Working with Population Data¶
This example uses the CBS population dataset (37296eng) to demonstrate cbspy's core features: fetching data, period filtering, and working with the resulting Polars DataFrame.
Fetching population data¶
import cbspy
client = cbspy.Client()
# Fetch the last 5 years of population data
df = client.get_data(
"37296eng",
periods=["2019JJ00", "2020JJ00", "2021JJ00", "2022JJ00", "2023JJ00"],
)
print(df.select("Periods", "Total population", "Population growth"))
shape: (5, 3)
┌─────────┬──────────────────┬───────────────────┐
│ Periods ┆ Total population ┆ Population growth │
│ --- ┆ --- ┆ --- │
│ str ┆ i64 ┆ i64 │
╞═════════╪══════════════════╪═══════════════════╡
│ 2019 ┆ 17282163 ┆ 132950 │
│ 2020 ┆ 17407585 ┆ 125422 │
│ 2021 ┆ 17475415 ┆ 67830 │
│ 2022 ┆ 17590672 ┆ 115257 │
│ 2023 ┆ 17811291 ┆ 220619 │
└─────────┴──────────────────┴───────────────────┘
Selecting columns¶
The DataFrame has 28 columns.

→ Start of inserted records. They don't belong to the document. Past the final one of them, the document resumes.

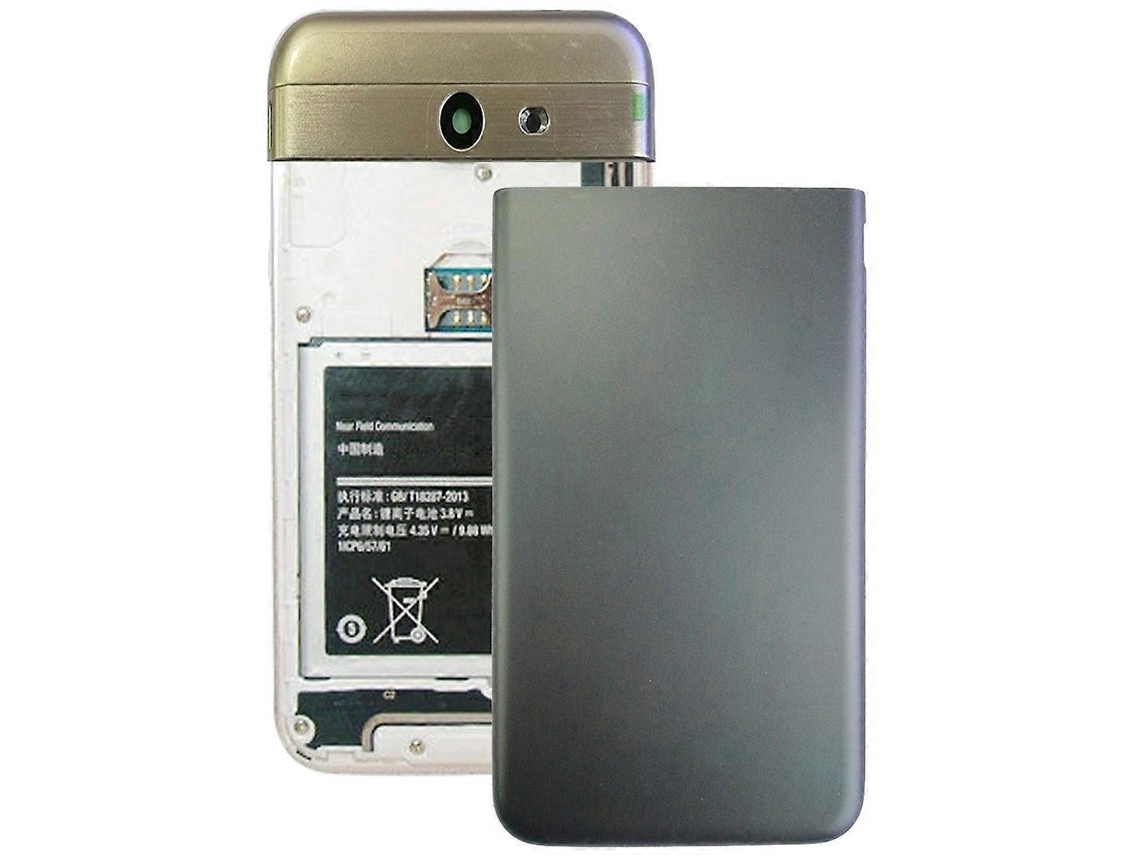 Capa Traseira Para Galaxy J7 V / J727v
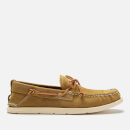 UGG Men's Beach Moc Slip-On Boat Shoes - Caramel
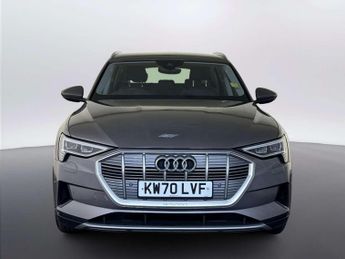 Audi e-tron 50 Technik SUV 5dr Electric Auto quattro 71.2kWh (313 ps)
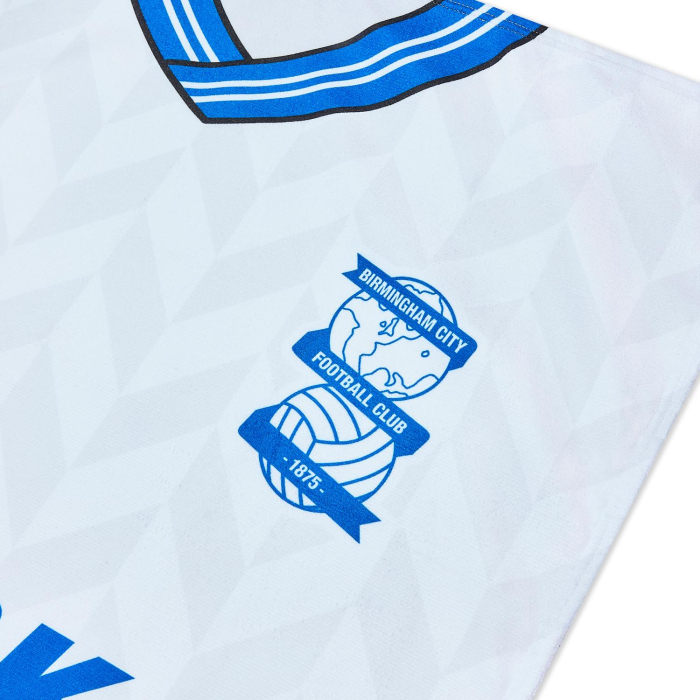91/92 Mark One Away Retro Towel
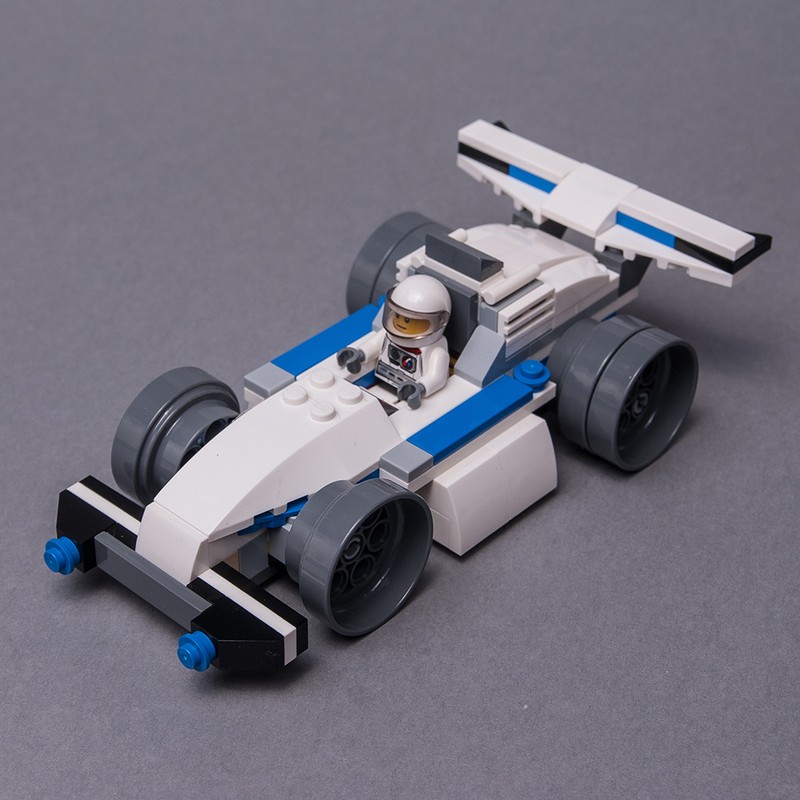 Lego 31066 Formula1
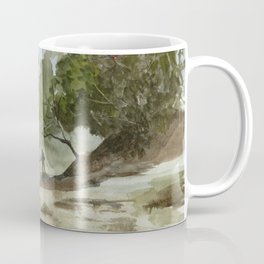 Fisherman Coffee Mug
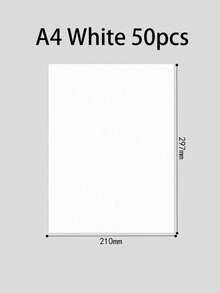 A4 Paper For Copying, Drafting And Crafts, Multipurpose Office & Craft Paper For Printing And Origami - A4 White Paper/80g - View 11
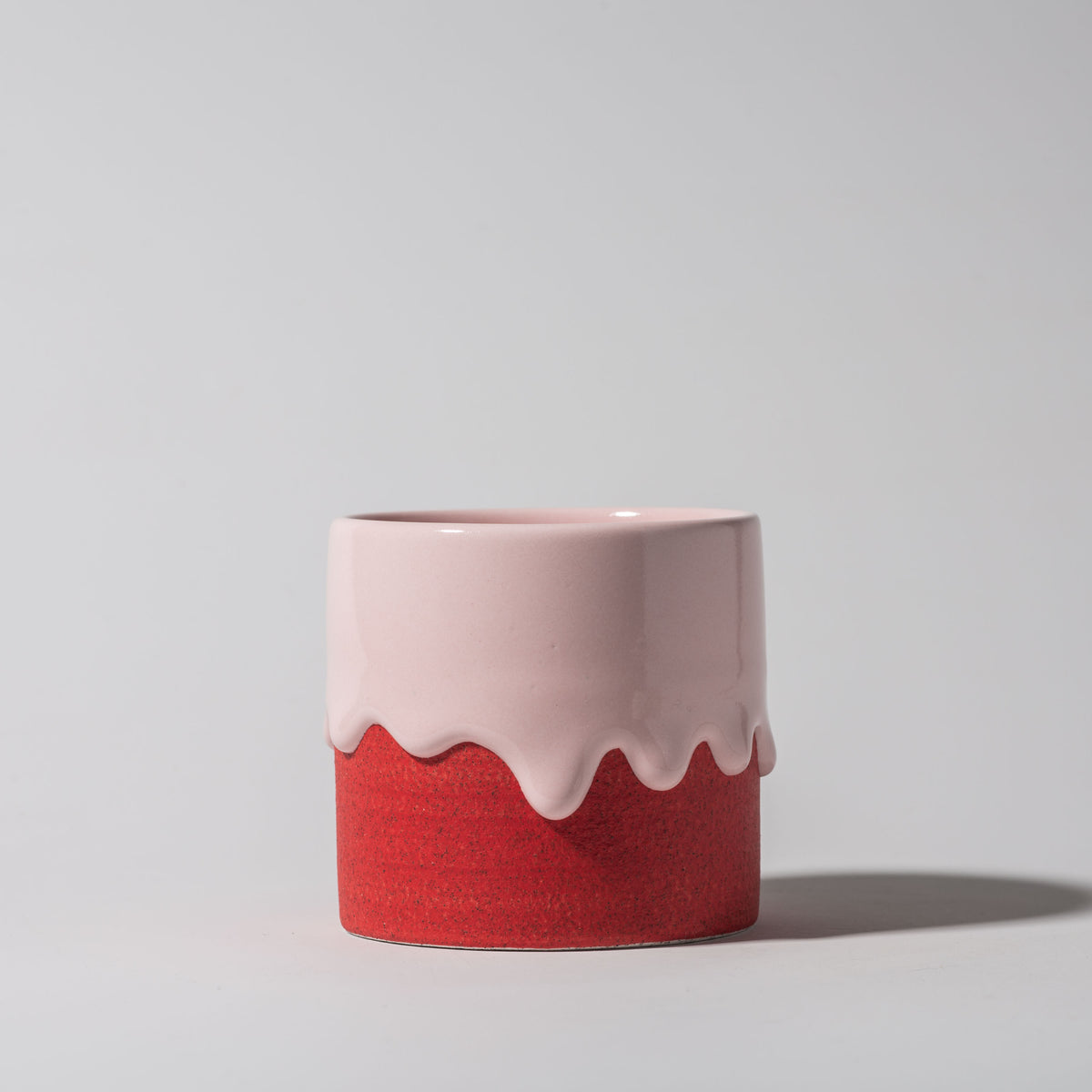 Drippy Pots Hand Glazed Ceramic Mug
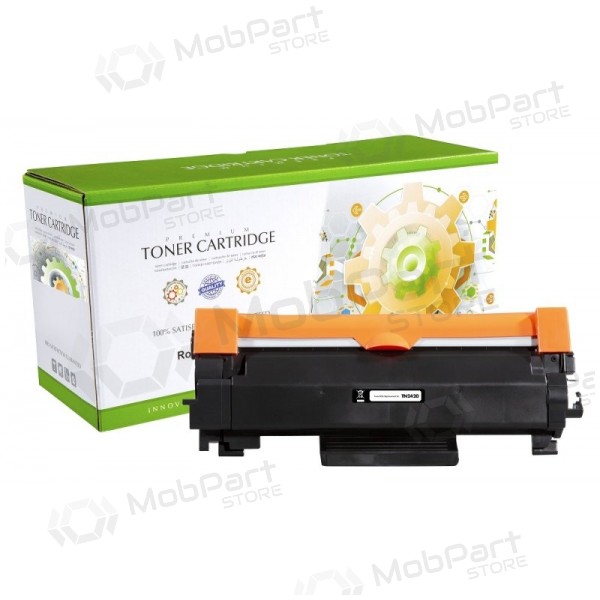 Static Control Laserkartusche schwarz, kompatibel mit Brother TN-2420 (TN2420)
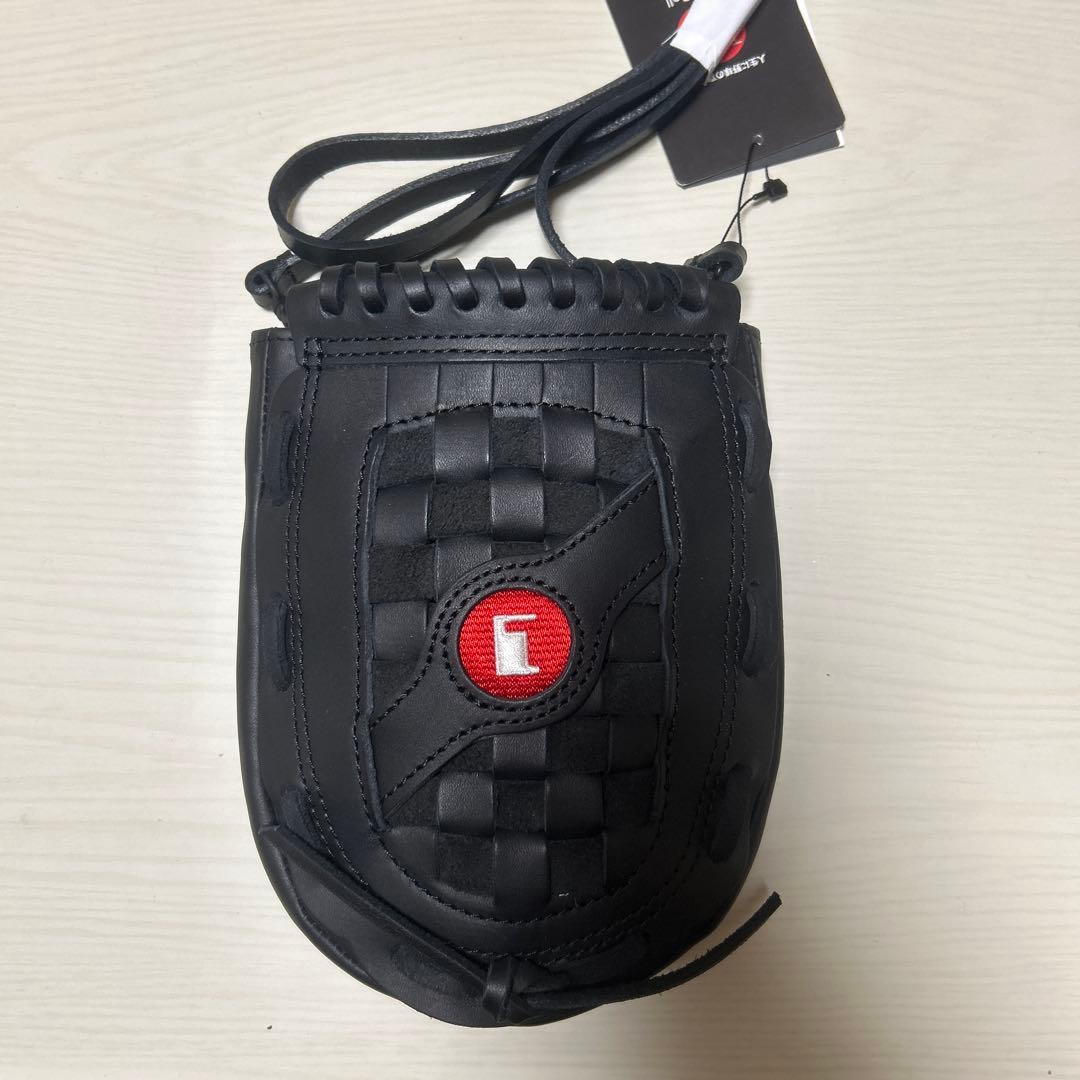 イカちゃんさん専用　TRION グローブサコッシュ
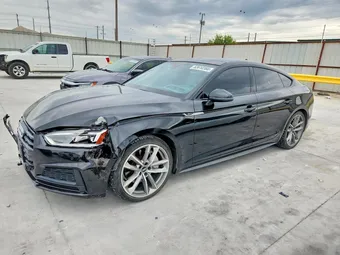 2019 Audi A5 Sportback WAUENCF58KA011432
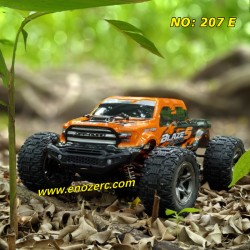 Enoze 207E blaze 1/10 brushless rc truck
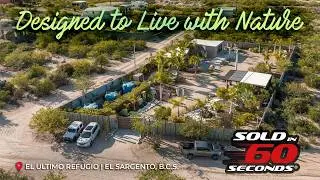 Is This One of Baja&rsquo;s Most Peaceful Ocean View Homes? | El Sargento, Baja California Sur - Ep.86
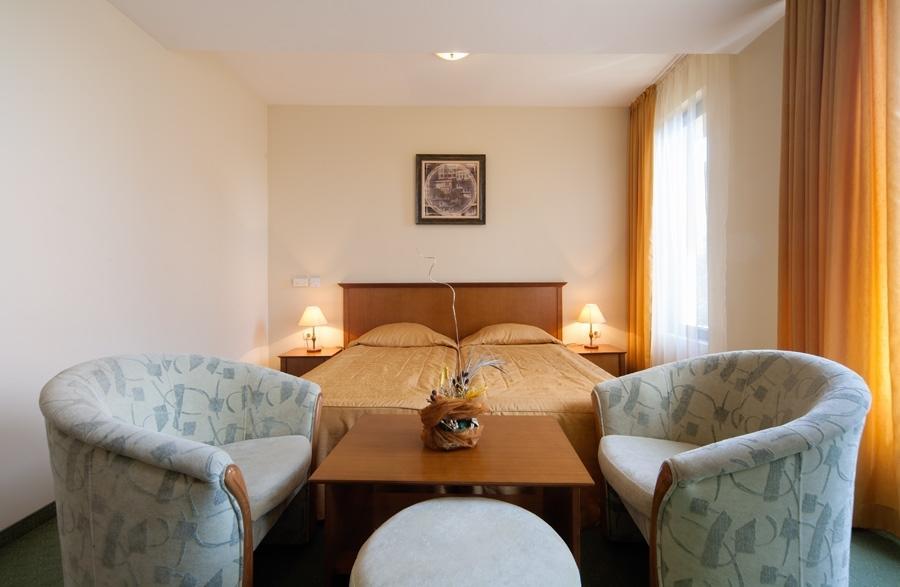 Hotel Panorama Veliko Tarnovo Extérieur photo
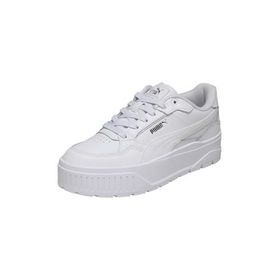 Puma Karmen II IDOL Beyaz Kadın Günlük Spor Ayakkabı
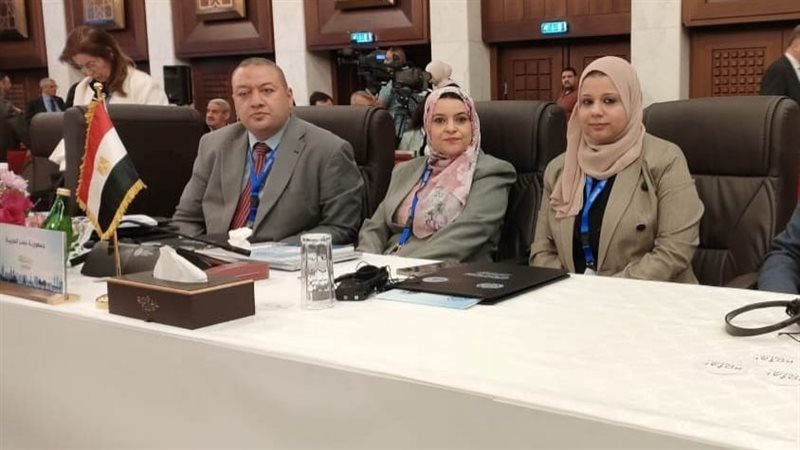 وفد وزارة العمل،فيتو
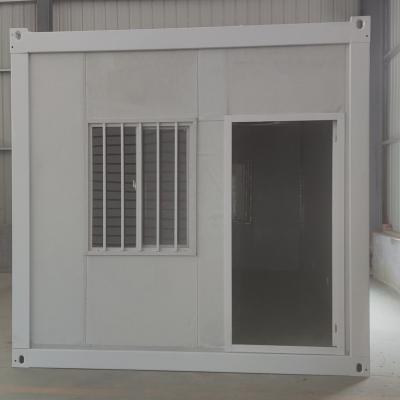 China Modern Container Factory Supply Container House Mobile Flat Pack Container for sale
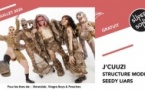 J'Cuuzi • Structure Moderne • Seedy Liars + Blind Test La Route du Rock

Use standard Polars operations to select what you need:
demographics = df.select(
"Periods",
"Total population",
"Males",
"Females",
"Live born children",
"Deaths",
)
print(demographics)
shape: (5, 6)
┌─────────┬──────────────────┬─────────┬─────────┬────────────────────┬────────┐
│ Periods ┆ Total population ┆ Males ┆ Females ┆ Live born children ┆ Deaths │
│ --- ┆ --- ┆ --- ┆ --- ┆ --- ┆ --- │
│ str ┆ i64 ┆ i64 ┆ i64 ┆ i64 ┆ i64 │
╞═════════╪══════════════════╪═════════╪═════════╪════════════════════╪════════╡
│ 2019 ┆ 17282163 ┆ 8597810 ┆ 8684353 ┆ 169680 ┆ 151885 │
│ 2020 ┆ 17407585 ┆ 8656417 ┆ 8751168 ┆ 168678 ┆ 168566 │
│ 2021 ┆ 17475415 ┆ 8689075 ┆ 8786340 ┆ 179068 ┆ 170972 │
│ 2022 ┆ 17590672 ┆ 8758927 ┆ 8831745 ┆ 168903 ┆ 170112 │
│ 2023 ┆ 17811291 ┆ 8873596 ┆ 8937695 ┆ 168930 ┆ 169363 │
└─────────┴──────────────────┴─────────┴─────────┴────────────────────┴────────┘
Computing derived values¶
Since the result is a Polars DataFrame, you can use all of Polars' expression API:
import polars as pl
growth = df.select(
"Periods",
"Total population",
pl.col("Population growth")
.truediv(pl.col("Total population"))
.mul(100)
.round(2)
.alias("Growth rate (%)"),
)
print(growth)
shape: (5, 3)
┌─────────┬──────────────────┬─────────────────┐
│ Periods ┆ Total population ┆ Growth rate (%) │
│ --- ┆ --- ┆ --- │
│ str ┆ i64 ┆ f64 │
╞═════════╪══════════════════╪═════════════════╡
│ 2019 ┆ 17282163 ┆ 0.77 │
│ 2020 ┆ 17407585 ┆ 0.72 │
│ 2021 ┆ 17475415 ┆ 0.39 │
│ 2022 ┆ 17590672 ┆ 0.66 │
│ 2023 ┆ 17811291 ┆ 1.24 │
└─────────┴──────────────────┴─────────────────┘
Using period codes¶
CBS uses specific period code formats. Pass them directly to periods:
| Format | Example | Meaning |
|---|---|---|
| Yearly | 2023JJ00 |
Year 2023 |
| Quarterly | 2023KW01 |
2023 Q1 |
| Monthly | 2023MM03 |
2023 March |
cbspy automatically decodes these to human-readable labels in the output DataFrame.
# Fetch a single year
df = client.get_data("37296eng", periods=["2023JJ00"])
# The Periods column shows "2023", not "2023JJ00"
print(df["Periods"].to_list())
Fetching all available data¶
Omit the periods parameter to fetch everything:
df = client.get_data("37296eng")
print(f"Rows: {df.shape[0]}, Columns: {df.shape[1]}")
print(f"Years covered: {df['Periods'].head(1).item()} to {df['Periods'].tail(1).item()}")
Note
Large datasets may take a moment to fetch. cbspy automatically handles pagination for datasets that exceed the CBS API's page size limit.